» DIRECTIONS:
All lines below are to be transcribed exactly.

» RECORDED DATA:
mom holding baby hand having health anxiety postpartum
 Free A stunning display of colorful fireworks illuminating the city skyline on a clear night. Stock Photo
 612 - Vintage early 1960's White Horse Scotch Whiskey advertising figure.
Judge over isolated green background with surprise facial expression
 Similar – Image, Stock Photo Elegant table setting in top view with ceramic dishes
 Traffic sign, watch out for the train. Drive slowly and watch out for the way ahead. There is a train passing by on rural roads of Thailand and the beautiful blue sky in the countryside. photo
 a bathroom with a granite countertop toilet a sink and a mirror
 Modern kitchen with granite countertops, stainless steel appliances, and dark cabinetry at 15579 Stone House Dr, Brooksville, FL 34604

» RESULT OF THIS TASK:
mom holding baby hand having health anxiety postpartum
 Free A stunning display of colorful fireworks illuminating the city skyline on a clear night. Stock Photo
 612 - Vintage early 1960's White Horse Scotch Whiskey advertising figure.
Judge over isolated green background with surprise facial expression
 Similar – Image, Stock Photo Elegant table setting in top view with ceramic dishes
 Traffic sign, watch out for the train. Drive slowly and watch out for the way ahead. There is a train passing by on rural roads of Thailand and the beautiful blue sky in the countryside. photo
 a bathroom with a granite countertop toilet a sink and a mirror
 Modern kitchen with granite countertops, stainless steel appliances, and dark cabinetry at 15579 Stone House Dr, Brooksville, FL 34604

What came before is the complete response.